Work instructions: A verbatim reproduction of the following listing is required; omit the pictures.

Supplied information:
___
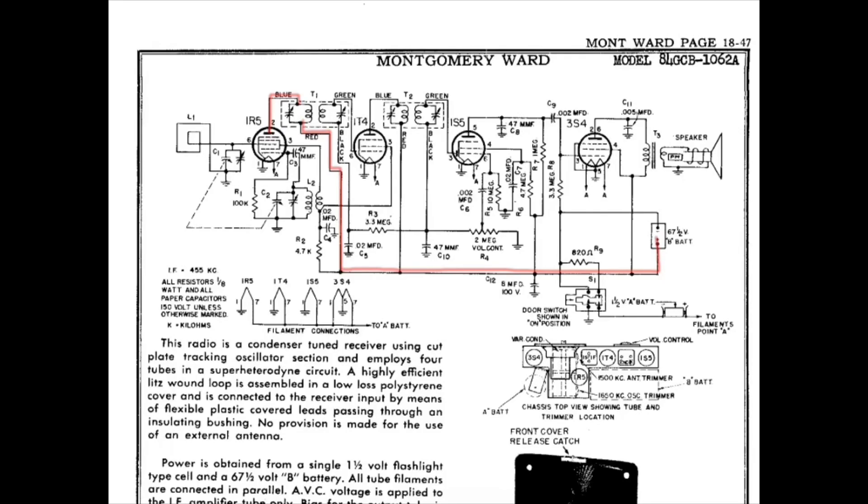Just a quick check of the IF transformers for DC continuity only. Starting with T1, looking at the primary side, you can see my connection point itself attaching to the plate pin number 2 of the 1R5 tube, and then the other probe back over to the B battery plus side. Looking at DC resistance there, I measured 22.5 ohms.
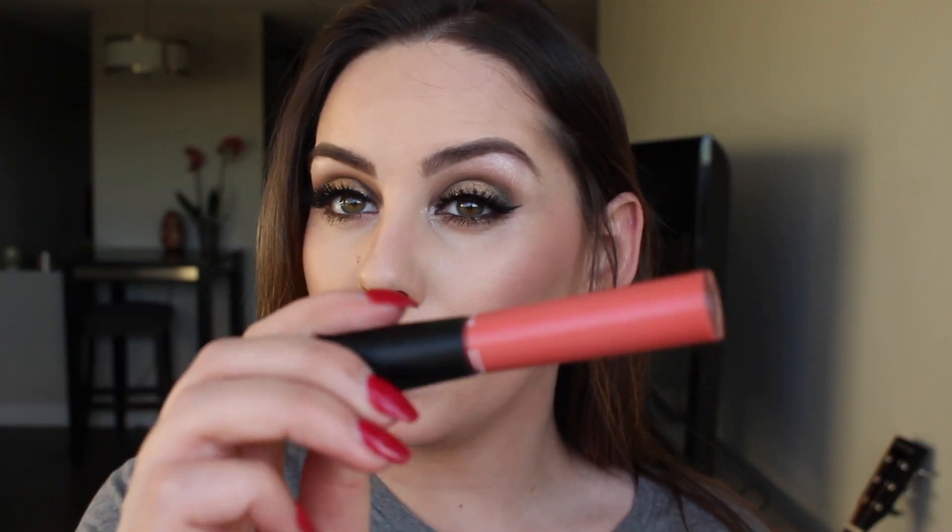On top of this lip look I put Mineralized Lip Glass in Be Nice by MAC — I just felt like the lipstick was a little gray on me. And there you go, this is the second look. It's very different from what I normally do every day, but I thought you'd get inspired by it. I feel like it's very Kim K 2015 — and if you look back on her photos, I love her looks from that year. We'll move on to look number three.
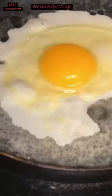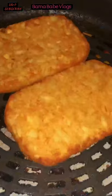We need to fry some sunny side up eggs, slices of luncheon meat, and we cook our hash brown in an air fryer. We also have rice cooked with turmeric, and it's time to put our nori wrap together.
___
Solution to this problem:
Just a quick check of the IF transformers for DC continuity only. Starting with T1, looking at the primary side, you can see my connection point itself attaching to the plate pin number 2 of the 1R5 tube, and then the other probe back over to the B battery plus side. Looking at DC resistance there, I measured 22.5 ohms.
On top of this lip look I put Mineralized Lip Glass in Be Nice by MAC — I just felt like the lipstick was a little gray on me. And there you go, this is the second look. It's very different from what I normally do every day, but I thought you'd get inspired by it. I feel like it's very Kim K 2015 — and if you look back on her photos, I love her looks from that year. We'll move on to look number three.
We need to fry some sunny side up eggs, slices of luncheon meat, and we cook our hash brown in an air fryer. We also have rice cooked with turmeric, and it's time to put our nori wrap together.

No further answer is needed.